The middle finger represents the central practice that will insure good, steady work throughout your life: growing in wisdom. It includes sharpening your skills, increasing your knowledge and improving your character. 


WARNING: If you're not into going to classes and taking tests, please don't think that's the only way to learn! Hang in there to see how many ways there are to learn.   


Sharpen Your Skills
Benjamin Franklin was one of the most remarkable people who ever lived. Besides excelling as a statesman, author, inventor, printer and scientist, he helped to start a pretty neat country - the United States of America. 


The only way he could accomplish so much was to retire early, so that he could devote himself fully to his other pursuits. But he couldn't have retired early without developing his skills.  

As a boy, Ben's father often repeated one of Solomon's Proverbs to him:

"Do You see a man skilled in his work?
He will serve before kings;
He will not serve before obscure men."

In Franklin's case, this Proverb came true literally. He would stand before five kings. (1)


His father made candles and soap. From ages 10 to 12, Benjamin worked with him, but didn't enjoy the business. So his father would take him on walks to observe people working at different trades, to see if any of them appealed to his son. Since Benjamin loved books, he sent him at age 12 to learn printing under his older brother James. (2)


Benjamin worked hard at printing, learning it so well that at the age of 17 he went to work for a printer in Philadelphia. (3) Although the city already had two printers, he eventually set up his own print shop and prospered to the extent that he could take his early retirement. 


What worked in the 1700's works just as well in our time. In middle school, Bill Gates fell in love with computer programming. He developed his skills by spending massive amounts of time programming. During his high school years, he'd go after school to a local company to trouble-shoot their software. No wonder he became a software mogul. (4)


A young boy named Steven was vacationing with his family when he criticized the way his dad filmed the family. Out of frustration, his dad gave the camera to his son  and challenged him to do it better. He did. In fact he began to film his scouting trips and make movies with his neighborhood friends while in Junior High. They'd throw a sheet over a clothesline in his backyard and show the movies to the neighborhood kids. He attended college near Universal Studios and got his foot in the door, continuing to develop his skills until he became one of the most successful film directors ever. You know him as Steven Spielberg. (5)


Increase Your Knowledge
Bill Gates didn't allow himself to have a TV connection for years. And he disconnected the radio in his car.
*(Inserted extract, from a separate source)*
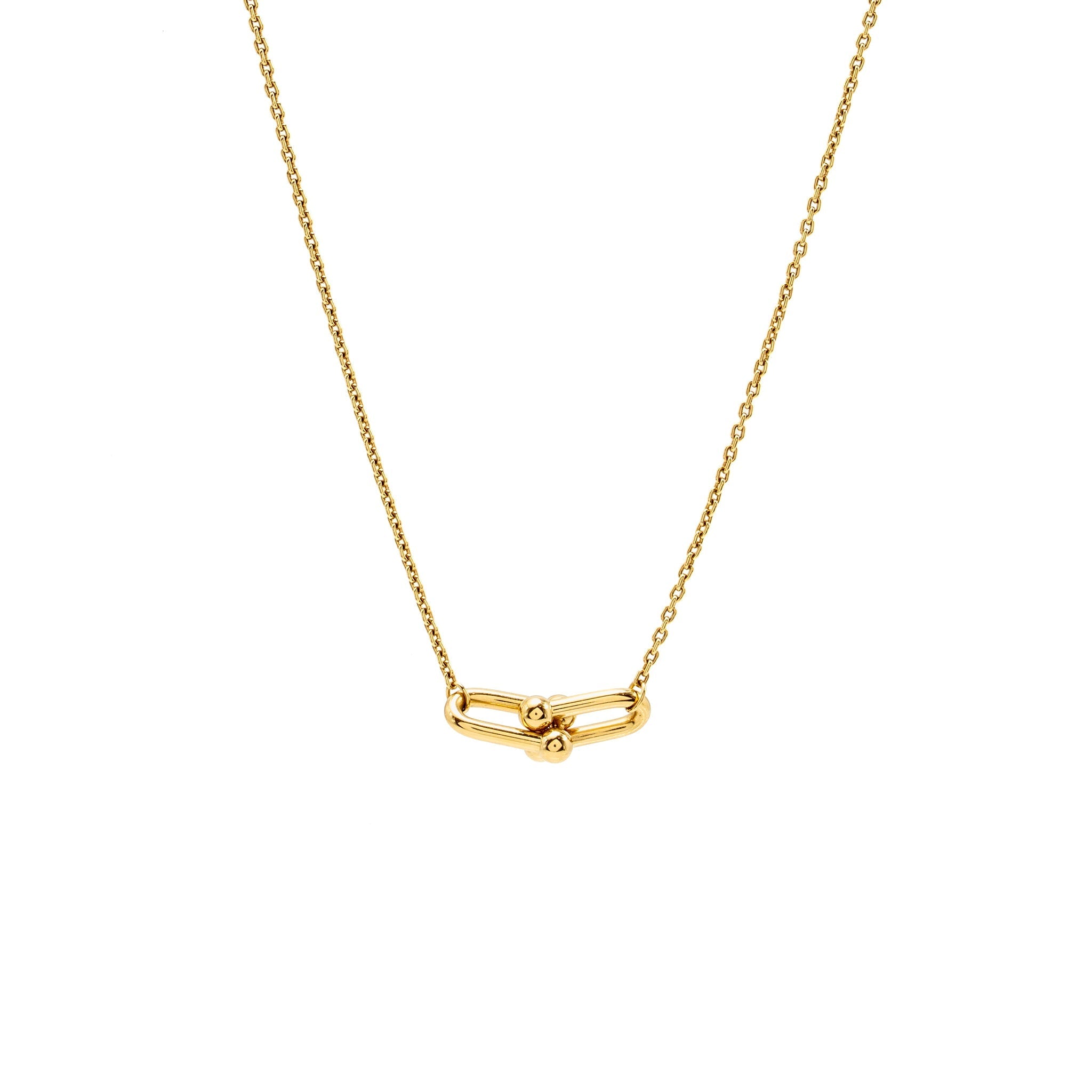 TIFFANY HARDWARE SMALL DOUBLE LINK PENDANT YELLOW GOLD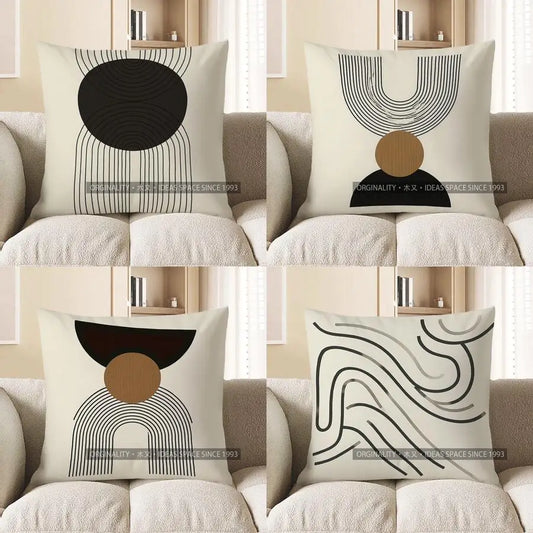 Home Decor Modern Geometric Black & White Throw Pillow Pattern Cushion Cover Suitable for Sofa Bedroom Car Pillow Cover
Why? He knew he needed all available time to think about and understand the software industry. (6)

There are so many ways to learn! Find what ways work best for you and pursue them. Here are a few examples:


Hang Out With Other Motivated Learners
Here's a pattern I've seen in many successful people. They keep motivated by hanging out with those who have similar interests. Here are some examples:

  • The world's best known theoretical physicist: Twenty-two-year-old Albert Einstein and like-minded friends met frequently in each other's homes or talked on hikes, sometimes all the way through the night. These conversations had an enormous impact on his future work. They called themselves ''The Olympia Academy.'' (7)
  • The most successful entrepreneur: Fifteen-year old Bill Gates met regularly with other computer enthusiasts who called themselves ''The Lakeside Programmers Group.'' (8)
  • One of the wisest men of his time: Benjamin Franklin met every Friday for decades with a diverse group of civic-minded thinkers called "Junto." Many of his great accomplishments were a result of cross-pollination from this group. (9)
  • Two popular writers: J.R.R. Tolkien (Lord of the Rings) and C.S. Lewis (The Chronicles of Narnia) met with a group called ''The Inklings,'' on a weekday morning in a pub and Thursday evenings at Lewis' house, often reading their manuscripts aloud to get input. (10)

Do you have areas of interest that you'd like to develop, such as art, a sport, writing or programming? Why not find others with the same interests who can keep you motivated and give you fresh ideas?


Keep Taking Classes
Jack Welch, one of the most respected business leaders of our time, kept in school until he got his Ph.D. Especially in the fields like engineering, advanced degrees can get you ahead.  (11)

When professor  Thomas Stanley studied millionaires, he found that nine out of ten graduated from college. Five out of ten held advanced degrees. Most weren't the most academically gifted students. In fact, the average millionaire had a "C" average. But most hung in there and made it through. (12)


Benjamin Franklin's dad could only afford to send Ben to two years of school. But he self-educated through voracious reading. Franklin wrote:  

"From a child I was fond of reading, and all the little money that came into my hands was ever laid out in books." (13)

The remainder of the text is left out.